| Title: | Empirical Likelihood-Based Approximate Bayesian Computation |
| Version: | 1.0 |
| Description: | Empirical likelihood-based approximate Bayesian Computation. Approximates the required posterior using empirical likelihood and estimated differential entropy. This is achieved without requiring any specification of the likelihood or estimating equations that connects the observations with the underlying parameters. The procedure is known to be posterior consistent. More details can be found in Chaudhuri, Ghosh, and Kim (2024) <doi:10.1002/SAM.11711>. |
| License: | GPL-2 |
| Encoding: | UTF-8 |
| RoxygenNote: | 7.3.3 |
| Imports: | MASS, emplik, methods, FNN, corpcor |
| NeedsCompilation: | yes |
| Packaged: | 2025-11-07 21:12:34 UTC; schaudhuri2 |
| Author: | Nicholas Chua [aut], Riddhimoy Ghosh [aut], Sanjay Chaudhuri [aut, cre] |
| Maintainer: | Sanjay Chaudhuri <schaudhuri2@unl.edu> |
| Repository: | CRAN |
| Date/Publication: | 2025-11-21 14:40:02 UTC |
Empirical Likelihood-based Approximate Bayesian Computation
Description
Perform empirical likelihood-based posterior approximation for ABC problems.
Usage
abcel(
data.obs,
theta0,
rep,
m,
n,
burn_in,
data.func,
summ.func,
prior.func,
proposal.func = NULL,
transform.func = NULL,
fixed.summ.num = TRUE,
print_interval = 1000,
plot_interval = 0,
which_plot = NULL,
k = NULL,
...
)
Arguments
data.obs |
Observed data. |
theta0 |
Initial parameter values. |
rep |
number of MCMC runs. |
m |
number of generated samples statistics. |
n |
size of the data. |
burn_in |
size of the burn-in. |
data.func |
This function is used for generating the data. |
summ.func |
This function is used for generating the statistics on the data. |
prior.func |
Prior function. |
proposal.func |
This function is used to propose a new theta given the old thetas.
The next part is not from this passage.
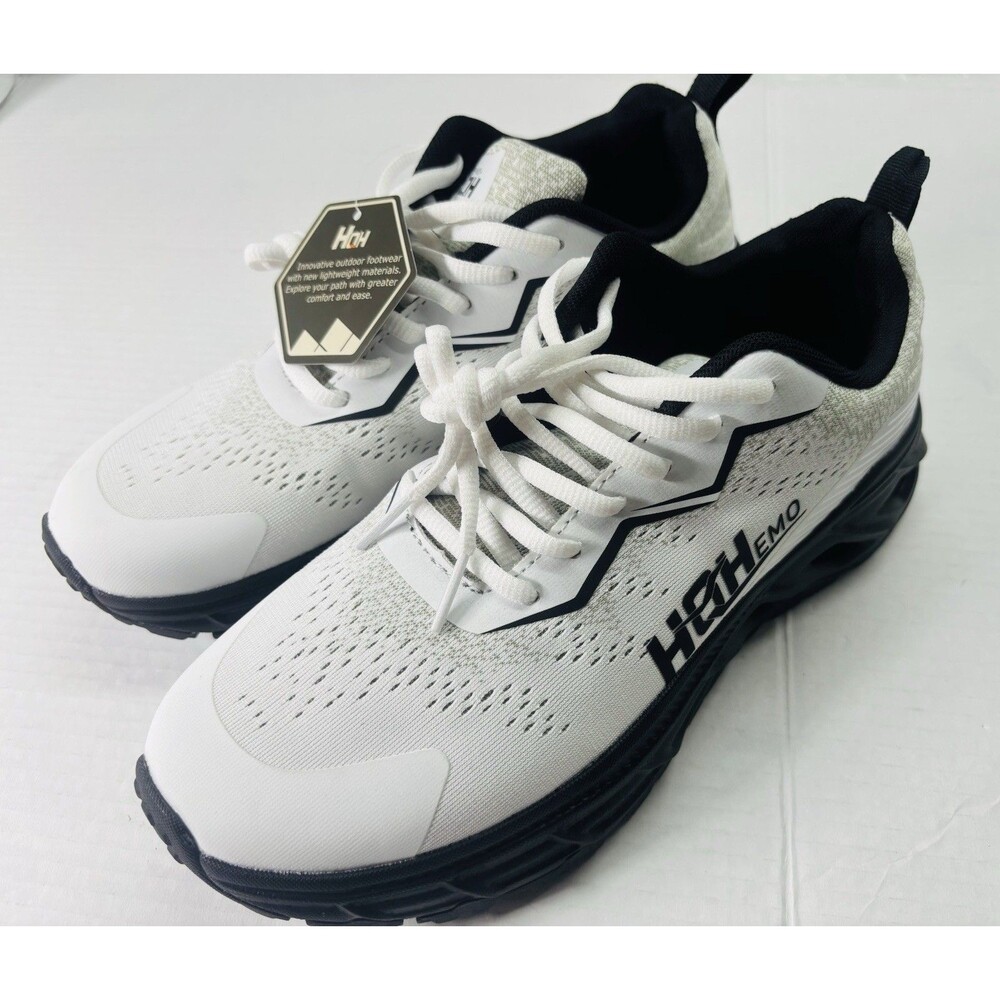 HQH EMO lightweight Athletic Sneakers Comfortable Walking Gym Size Sz 7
This function needs to include the ellipsis argument. |
transform.func |
The function is used to transform the theta that will be fed to the generate data function. This function also needs to include the ellipsis argument. The default argument is the identity function. |
fixed.summ.num |
If the number of the summary statistics remains fixed from one MCMC step to another. (Defaults to TRUE). |
print_interval |
Fixed interval of iterations to print the results, if it's set to NULL, it will not print. |
plot_interval |
Fixed interval of iterations to plot the results, if it's set to NULL, there will be no plots. |
which_plot |
vector of parameters to plot. |
k |
order of the nearest neighbor to be used for k-NN based differential entropy estimation. |
... |
Args for transformation and proposal functions. |
Details
By default, the sampler performs an adaptive random walk on the parameters with N(0,initial.cov) as its proposal density for the first initial_interval steps. Subsequently, the variance of the proposal Normal density will be updated based on the previously sampled parameters.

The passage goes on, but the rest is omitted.